E oggi, con 78 anni di vita dietro le spalle «testimoni del passaggio dal centrismo al centrosinistra, e della sua attuale crisi» sottolinea Rossi (e ricorda: «i 75 ci hanno portato in regalo un telegramma dove il presidente Mattarella sottolinea il nostro contributo alla crescita democratica dell’Italia») cos’è Il Ponte ? Una rivista che da mensile è stata costretta alla bimestralità per questioni economiche. Un migliaio di copie, 700 distribuite in abbonamento anche all’estero (fino agli Stati Uniti e alla Cina) «ma i proventi sono minimi — allarga le braccia il direttore — ci siamo abituati, è sempre stato così. A Enriques Agnoletti proposi di chiedere sovvenzioni al Pci, che sentivamo vicino, ma il suo no fu una grande lezione: che ne sarebbe stata della nostra indipendenza?». E ancora, tra le pagine dove hanno militato firme quali Walter e Lanfranco Binni, Noam Chomsky, Cesare Luporini, Gaetano Salvemini, Umberto Segre, Sebastiano Timpanaro, ancora oggi turbinano domande come «cos’è stato il socialismo italiano? In fondo, è davvero esistito?».

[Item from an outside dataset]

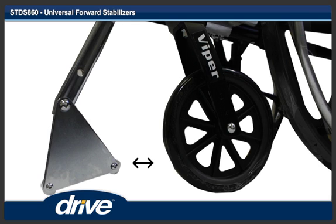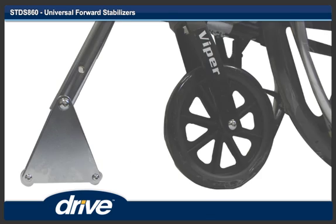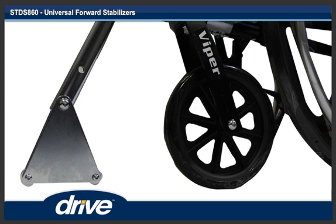Step 8. Verify that the front caster will not hit the front anti-tipper when the fork is turning. If the caster does hit the front anti-tipper, slide the front anti-tipper forward. When all clearances are verified, make sure that the front anti-tipper is perpendicular with the ground and tighten both carriage bolts.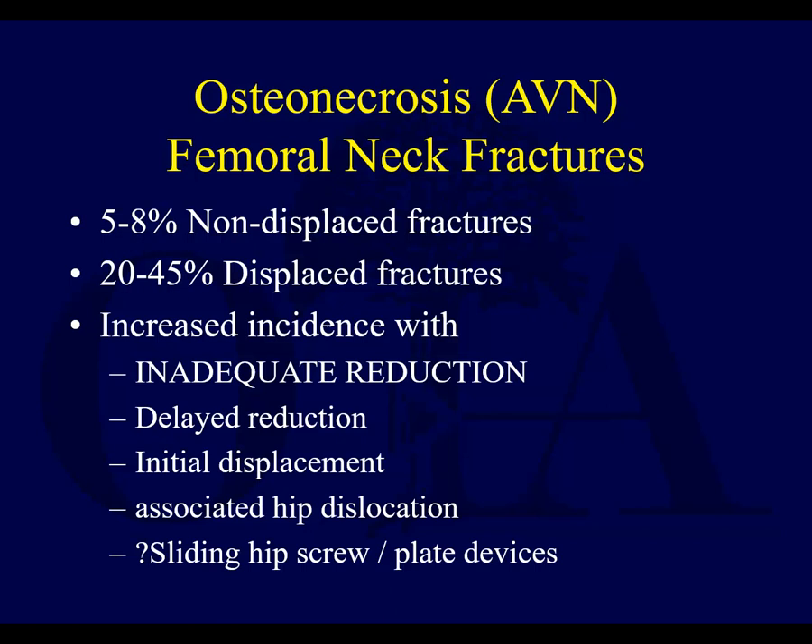Osteonecrosis also happens — this is when you lose the blood supply and the head collapses. A devastating problem in the elderly patient requiring a total hip. In the young patient, if the head collapses, you may also need a total hip. This is why we try to get these reduced early on and maintain a good reduction. That's mostly what you need to know about femoral neck fractures — some of the key points at least.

Rossi fa fatica a inquadrare persino Calamandrei, «un liberale di sinistra che però riuscì a percepire tutta una serie di temi propri del liberalsocialismo. Penso al rifiuto del Patto Atlantico perché, diceva, avrebbe compromesso la libertà dell’Italia dagli Stati Uniti e dall’Unione Sovietica». Oggi Il Ponte, conclude il direttore, «traduce il liberalsocialismo delle origini in socialismo libertario. Perché quel “liberal” per me non deriva da liberale. Ma da libertà».
Un patrimonio nazionale Qui sopra, il primo numero della rivista Il Ponte, fondata a Firenze e edita dall’aprile del 1945.